Fairfax Republican Rep. Stan Parris, fresh from a decisive reelection victory, said today he will announce here on Wednesday his long-expected campaign for the 1985 GOP nomination for governor of Virginia.
Parris, 55, famed for his fund raising and computerized congressional mailings, said today he is more electable than his two likely rivals, Wyatt B. Durrette, a Richmond lawyer and former Fairfax County legislator, and J. Marshall Coleman of McLean, the former state attorney general.
Coleman was the GOP candidate who lost the race for governor in 1981 to Democrat Charles S. Robb. Durrette, who is expected to announce for governor in two weeks, lost a bid to become attorney general that year.

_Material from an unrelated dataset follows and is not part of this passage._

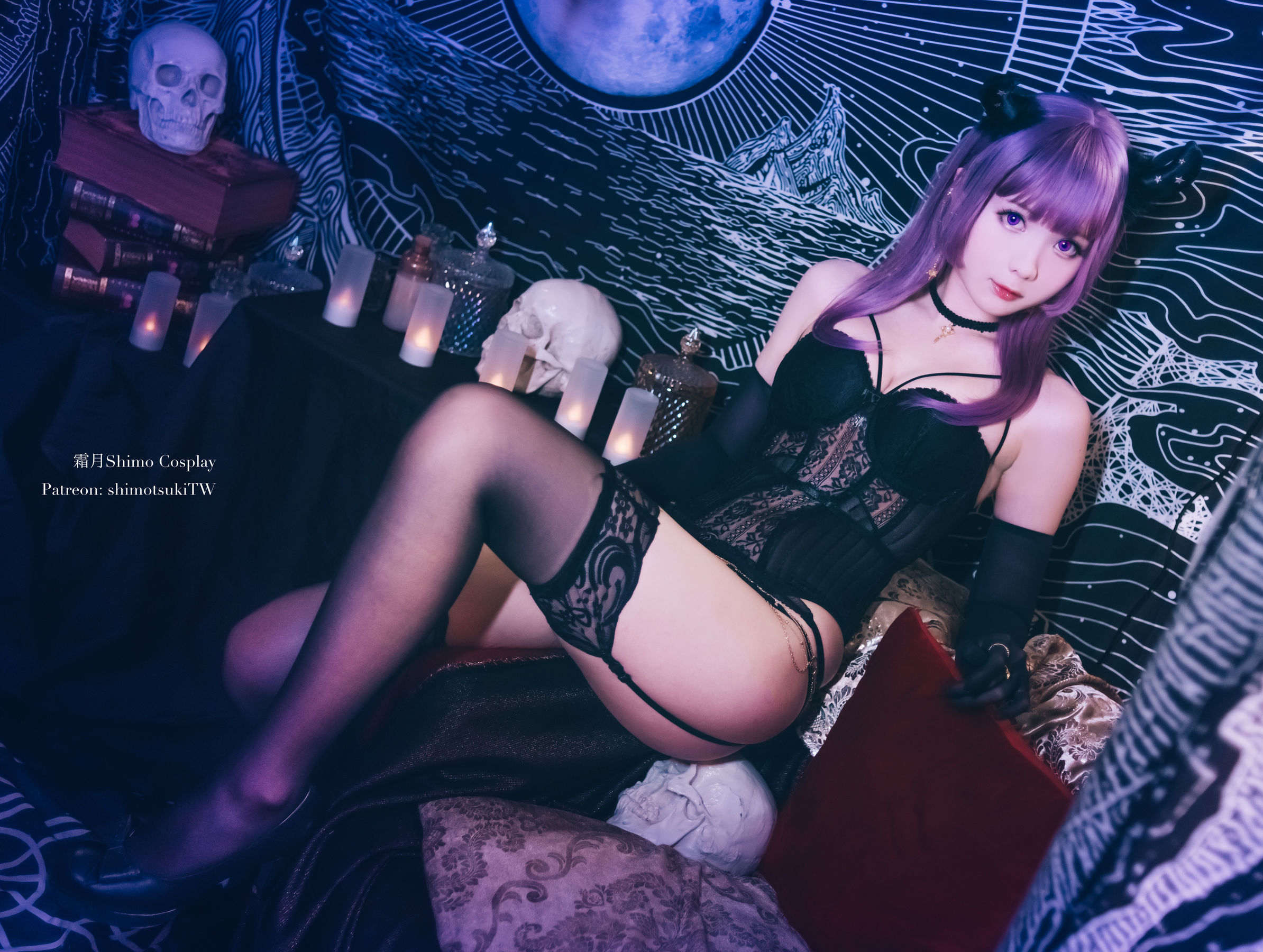 [网红COSER写真] 微博妹纸霜月shimo – 内衣 套图-二爷美图分享,Cosplay美图,私房写真,套图下载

"The question really is who is most likely to have the kind of success we must have next year," Parris said in an interview.
Just elected to his fourth term, Parris defeated Democratic State Sen. Richard L. Saslaw of Fairfax by more than 23,000 votes in the 8th Congressional District, which includes parts of Fairfax, Stafford and Prince William counties and the city of Alexandria.
Parris has acknowledged that he is not well known throughout the state, but indicated that his Northern Virginia base will be crucial. He noted about 38 percent of the state's vote in last week's elections was cast in the Northern Virginia's 8th and 10th districts.
The congressman will announce a "Parris for Governor Committee" on Wednesday and hold a traditional one-day campaign swing through several cities in December.
The Parris organization has assumed a lease on what was the Reagan-Bush campaign headquarters in downtown Richmond and it is expected to announce a start-up war chest of more than $200,000, almost twice the amount reported by either Coleman or Durrette.
A conservative, Parris took a swipe today at the state Democratic Party which is in the midst of a three-way race for governor, has a senior black state senator running for lieutenant governor and a woman trying to become the state's first female nominee for attorney general.
"I worry about some of the combinations of the other side that I think would impede substantially" the traditions of Virginia government, Parris said.
Parris said in response to a question that the overwhelmingly white vote President Reagan received in Virginia and the overwhelming support blacks showed for Democrat Walter F. Mondale was part of a realignment of the two parties "that will have an effect on future elections."
Parris said, however, that he would not rule out campaigning for black votes. "We are going to go after everybody."
Both Durrette, who has been campaigning for more than a year, and Coleman have expected Parris' announcement. Neither was available for comment today.
Parris is expected to begin an immediate mail campaign to about 25,000 Republicans who have been delegates to party nominating conventions or have been involved in previous state GOP conventions. The party nominee will be selected at the 1985 convention May 31 and June 1 in Norfolk.
A key party meeting will occur in early December in Staunton when party leaders will set up rules for mass meetings that will select convention delegates. Some of those mass meetings could be held as early as February.
Parris said he decided to run today after meeting with about 15 supporters at his Fairfax County house. Among the participants were John (Til) Hazel, Fairfax County developer; William Stanhagen of Manassass, GOP national committeeman, and John S. Alderson Jr. of Roanoke, who led the Reagan-Bush campaign in Virginia. Alderson has dropped plans to run for lieutenant governor, Parris said.